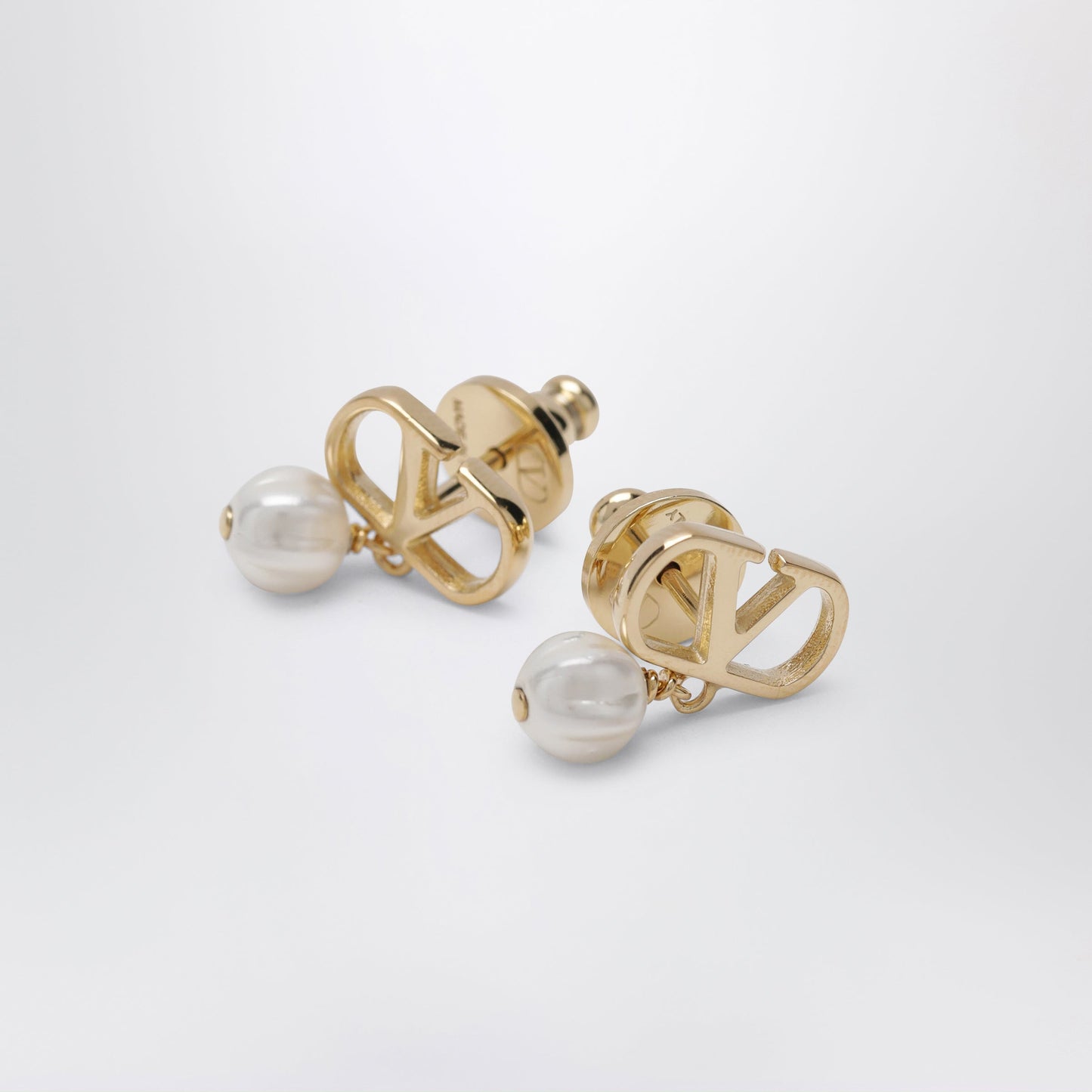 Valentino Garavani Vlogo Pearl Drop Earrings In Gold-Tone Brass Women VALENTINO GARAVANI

☆ ☆ ☆

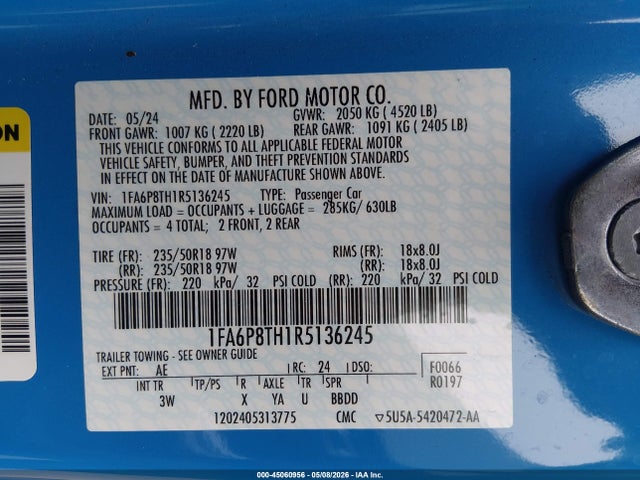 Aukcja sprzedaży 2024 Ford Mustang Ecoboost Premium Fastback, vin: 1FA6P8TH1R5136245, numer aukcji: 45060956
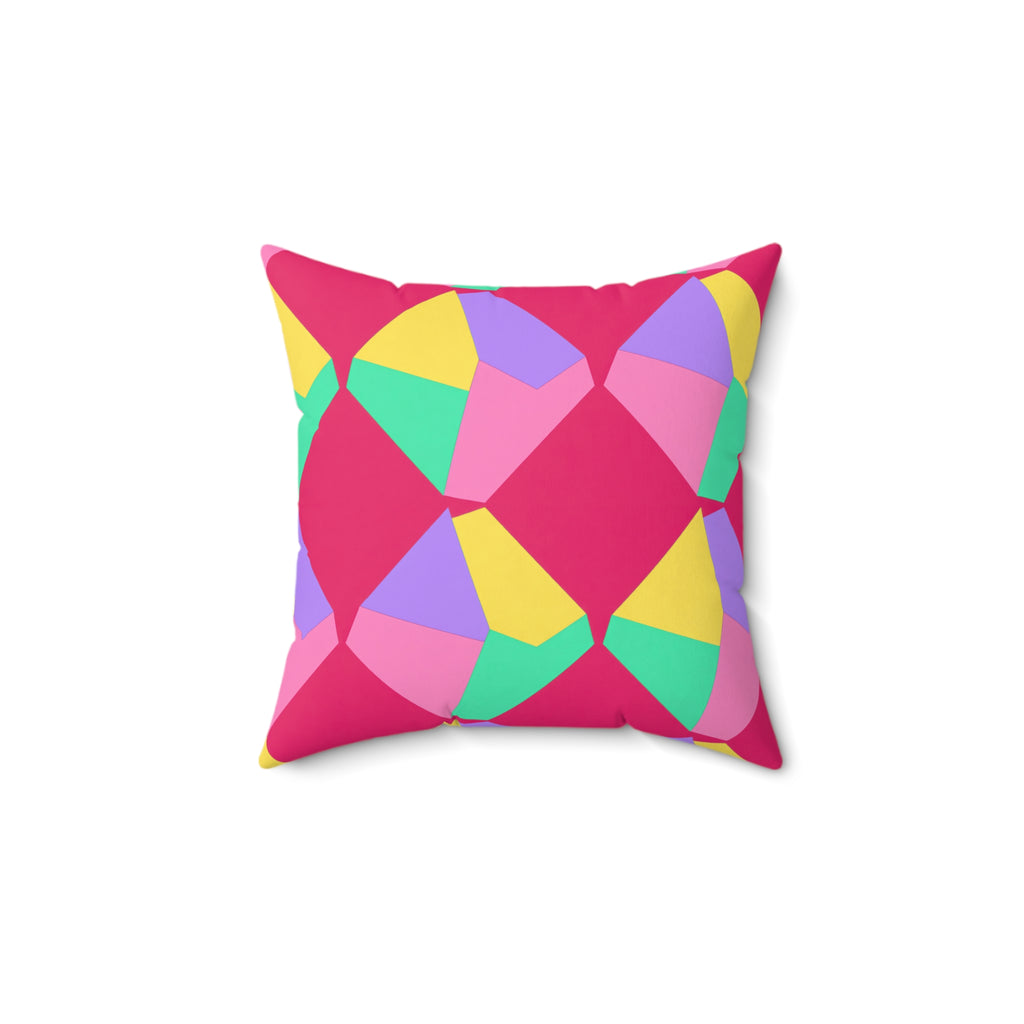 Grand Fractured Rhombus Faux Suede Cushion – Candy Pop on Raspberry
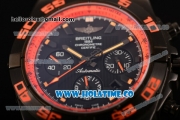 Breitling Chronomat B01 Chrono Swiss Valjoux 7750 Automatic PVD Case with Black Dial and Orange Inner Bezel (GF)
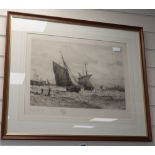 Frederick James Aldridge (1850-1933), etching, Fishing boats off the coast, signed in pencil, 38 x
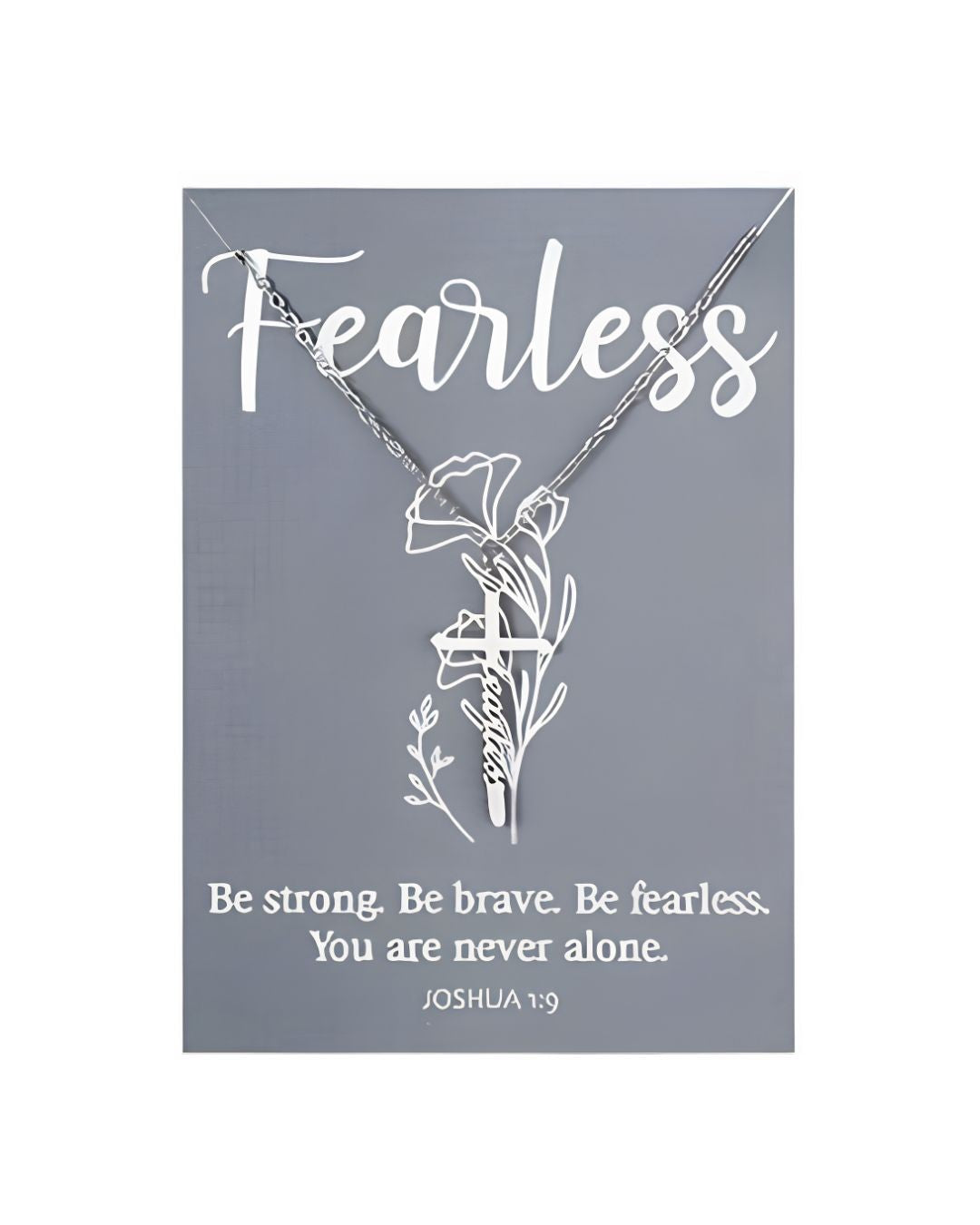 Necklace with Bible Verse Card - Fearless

☆ ☆ ☆

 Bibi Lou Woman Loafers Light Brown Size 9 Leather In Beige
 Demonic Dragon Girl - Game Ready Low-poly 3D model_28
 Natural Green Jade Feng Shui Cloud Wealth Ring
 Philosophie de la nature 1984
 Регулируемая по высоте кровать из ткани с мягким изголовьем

☆ ☆ ☆

[WORK ORDER]
Set down only the lines above that fall between the line holding "Natural Green Jade" and the line holding "Регулируемая по высоте", inclusive, keeping each exact.

[TASK RESPONSE]
 Natural Green Jade Feng Shui Cloud Wealth Ring
 Philosophie de la nature 1984
 Регулируемая по высоте кровать из ткани с мягким изголовьем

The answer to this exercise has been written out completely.